What action have we seen from the SNP in the year since it took power in Holyrood and in Aberdeen city council, both of which have been mentioned this afternoon? Holyrood and local government both have a role to play in reducing poverty. We know, from all the reports that have been done, that early intervention is incredibly important to the alleviation of child poverty. We need to reach children at a young enough age and work with their families. In England, in particular—but, not quite so obviously in Scotland, unfortunately—we have seen from Sure Start that early intervention clearly works. That involves making sure that children have nursery places, which is why I am so disappointed that the nursery places for vulnerable two-year-olds in Aberdeen have been scrapped under the SNP and Liberals.

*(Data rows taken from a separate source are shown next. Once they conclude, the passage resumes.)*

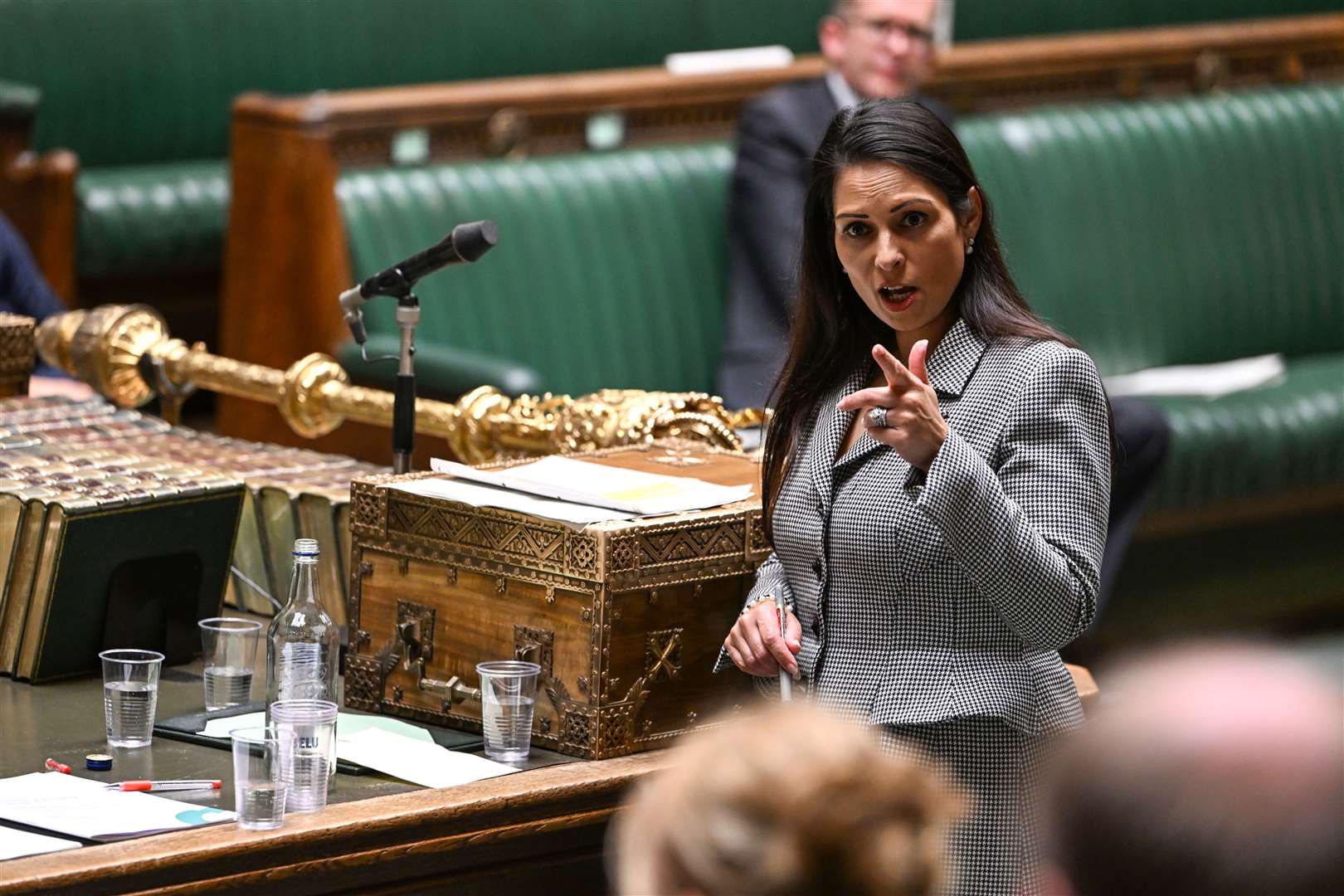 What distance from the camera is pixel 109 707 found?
2.56 metres

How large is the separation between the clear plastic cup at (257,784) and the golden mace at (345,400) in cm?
103

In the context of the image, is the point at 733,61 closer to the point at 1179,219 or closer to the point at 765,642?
the point at 1179,219

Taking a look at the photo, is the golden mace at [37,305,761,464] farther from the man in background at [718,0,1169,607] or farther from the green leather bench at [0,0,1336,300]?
the green leather bench at [0,0,1336,300]

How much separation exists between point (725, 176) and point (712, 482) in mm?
2472

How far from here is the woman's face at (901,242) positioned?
2.28 metres

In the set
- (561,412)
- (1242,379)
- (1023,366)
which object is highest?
(1023,366)

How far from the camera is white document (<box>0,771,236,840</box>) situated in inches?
88.1

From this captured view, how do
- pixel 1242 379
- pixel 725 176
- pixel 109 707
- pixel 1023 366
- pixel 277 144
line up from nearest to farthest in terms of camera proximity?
1. pixel 1023 366
2. pixel 109 707
3. pixel 277 144
4. pixel 725 176
5. pixel 1242 379

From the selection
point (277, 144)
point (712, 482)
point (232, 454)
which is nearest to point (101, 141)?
point (277, 144)

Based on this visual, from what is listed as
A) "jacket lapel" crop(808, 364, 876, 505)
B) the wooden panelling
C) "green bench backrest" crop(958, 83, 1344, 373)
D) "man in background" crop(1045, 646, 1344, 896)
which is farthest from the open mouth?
"green bench backrest" crop(958, 83, 1344, 373)

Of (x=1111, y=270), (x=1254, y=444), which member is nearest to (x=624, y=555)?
(x=1254, y=444)

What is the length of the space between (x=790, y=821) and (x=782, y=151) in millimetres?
3943

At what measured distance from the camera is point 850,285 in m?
2.41

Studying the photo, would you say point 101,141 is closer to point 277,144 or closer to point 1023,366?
point 277,144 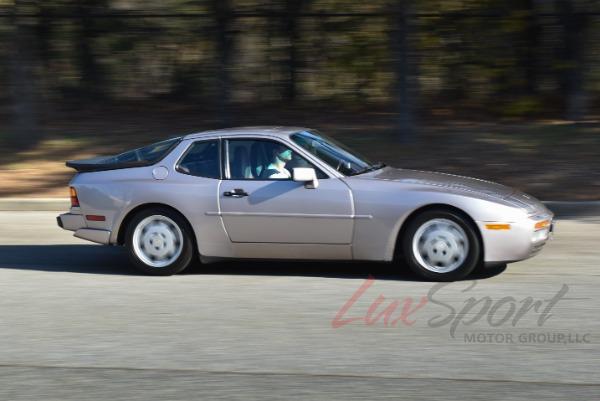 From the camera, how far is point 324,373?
5.35 meters

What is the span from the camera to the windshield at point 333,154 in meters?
8.05

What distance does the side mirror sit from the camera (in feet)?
25.0

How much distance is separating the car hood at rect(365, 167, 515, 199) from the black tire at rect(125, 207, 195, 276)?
1698mm

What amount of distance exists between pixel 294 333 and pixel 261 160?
2.23 metres

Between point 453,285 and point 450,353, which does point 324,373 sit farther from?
point 453,285

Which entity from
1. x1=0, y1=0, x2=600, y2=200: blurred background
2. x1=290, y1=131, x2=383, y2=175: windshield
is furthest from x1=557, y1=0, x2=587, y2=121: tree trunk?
x1=290, y1=131, x2=383, y2=175: windshield

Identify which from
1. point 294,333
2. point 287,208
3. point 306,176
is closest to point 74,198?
point 287,208

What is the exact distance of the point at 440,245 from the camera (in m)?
7.59

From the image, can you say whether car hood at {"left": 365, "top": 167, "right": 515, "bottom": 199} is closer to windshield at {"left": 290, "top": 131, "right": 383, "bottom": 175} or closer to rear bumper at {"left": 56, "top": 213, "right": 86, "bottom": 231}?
windshield at {"left": 290, "top": 131, "right": 383, "bottom": 175}

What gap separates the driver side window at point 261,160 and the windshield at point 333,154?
0.56ft

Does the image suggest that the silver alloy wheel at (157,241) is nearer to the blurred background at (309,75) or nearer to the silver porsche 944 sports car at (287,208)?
the silver porsche 944 sports car at (287,208)

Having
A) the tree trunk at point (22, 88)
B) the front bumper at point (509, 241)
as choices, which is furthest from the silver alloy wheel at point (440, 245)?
the tree trunk at point (22, 88)

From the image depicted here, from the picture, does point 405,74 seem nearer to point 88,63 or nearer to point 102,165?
point 102,165

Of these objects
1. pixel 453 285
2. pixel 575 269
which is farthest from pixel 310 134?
pixel 575 269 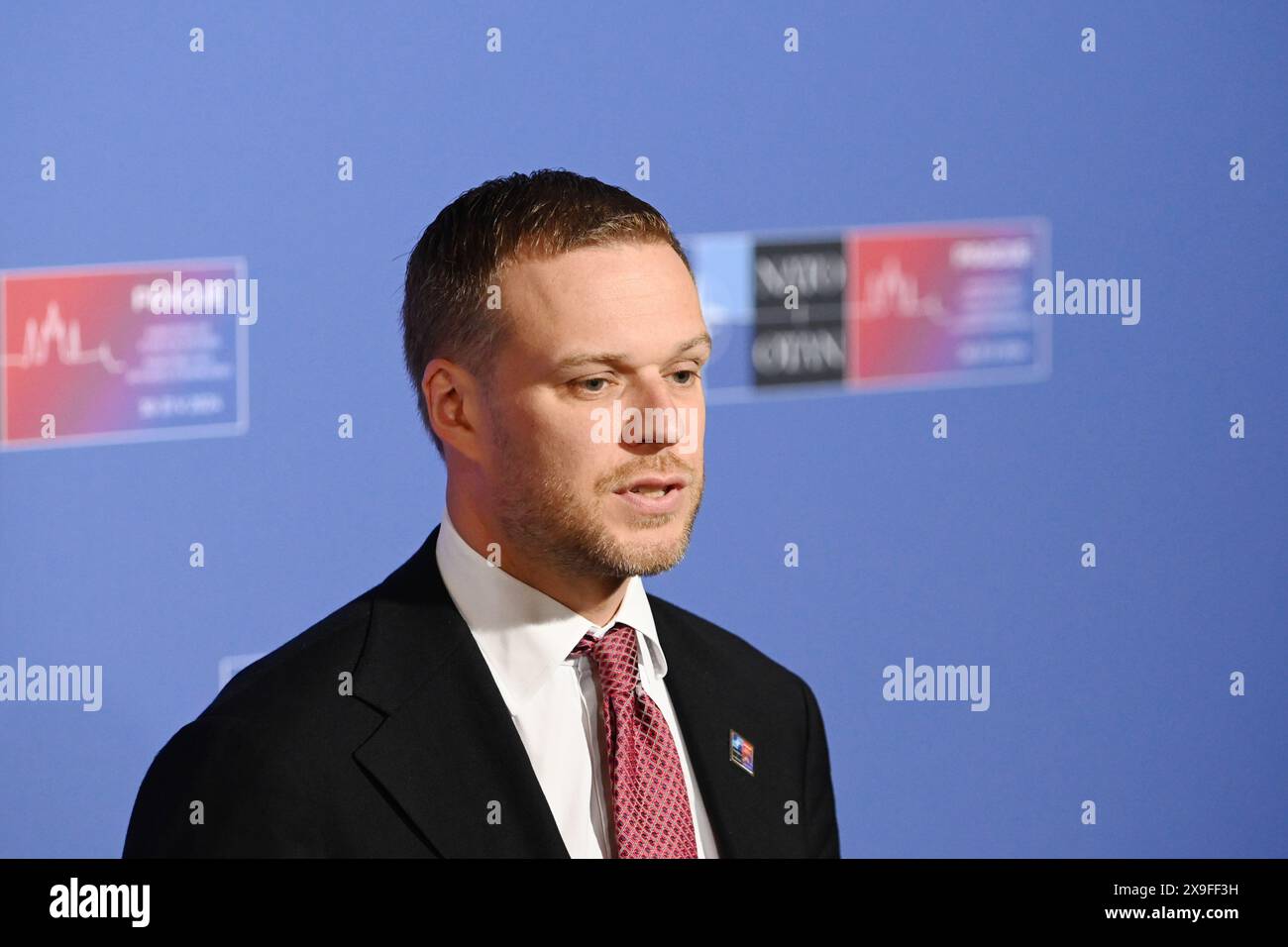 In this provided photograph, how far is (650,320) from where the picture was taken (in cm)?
208

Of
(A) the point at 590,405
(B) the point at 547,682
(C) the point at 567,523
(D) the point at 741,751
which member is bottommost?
(D) the point at 741,751

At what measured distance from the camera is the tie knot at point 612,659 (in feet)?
6.91

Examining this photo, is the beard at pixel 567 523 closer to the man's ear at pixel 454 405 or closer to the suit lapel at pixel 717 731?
the man's ear at pixel 454 405

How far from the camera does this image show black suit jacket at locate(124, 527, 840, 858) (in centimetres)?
192

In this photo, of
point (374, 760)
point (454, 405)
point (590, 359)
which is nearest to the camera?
point (374, 760)

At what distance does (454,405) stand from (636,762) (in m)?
0.60

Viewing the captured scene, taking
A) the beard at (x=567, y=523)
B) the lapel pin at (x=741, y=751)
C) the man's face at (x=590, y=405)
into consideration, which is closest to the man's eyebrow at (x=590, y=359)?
the man's face at (x=590, y=405)

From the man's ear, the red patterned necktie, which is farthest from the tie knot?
the man's ear

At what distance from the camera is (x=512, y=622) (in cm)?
208

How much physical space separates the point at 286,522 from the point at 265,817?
98cm

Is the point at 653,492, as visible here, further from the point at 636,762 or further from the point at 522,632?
the point at 636,762

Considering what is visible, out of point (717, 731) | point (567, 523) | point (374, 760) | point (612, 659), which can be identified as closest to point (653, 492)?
point (567, 523)

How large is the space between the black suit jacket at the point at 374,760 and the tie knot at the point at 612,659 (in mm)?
138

It is not just a matter of nursery places, but of good local schooling, so I am sure that you, Mr. Deputy Speaker, can imagine my disappointment when only yesterday the SNP and Liberals on Aberdeen city council voted to close Victoria Road primary school which is in the most deprived part of my constituency. That school is a well loved part of the community, and parents and children have mounted a campaign to save it, but it has fallen on the deaf ears of the Scottish National and Liberal councillors who have hard-heartedly said that the school has to close by August. We are trying to tackle child poverty, but that will not help the children in my constituency.
The hon. Lady mentions closures, so will she condemn the Unionist coalition on Angus council, of which her party is a member, for its proposals to close schools such as Eassie primary school?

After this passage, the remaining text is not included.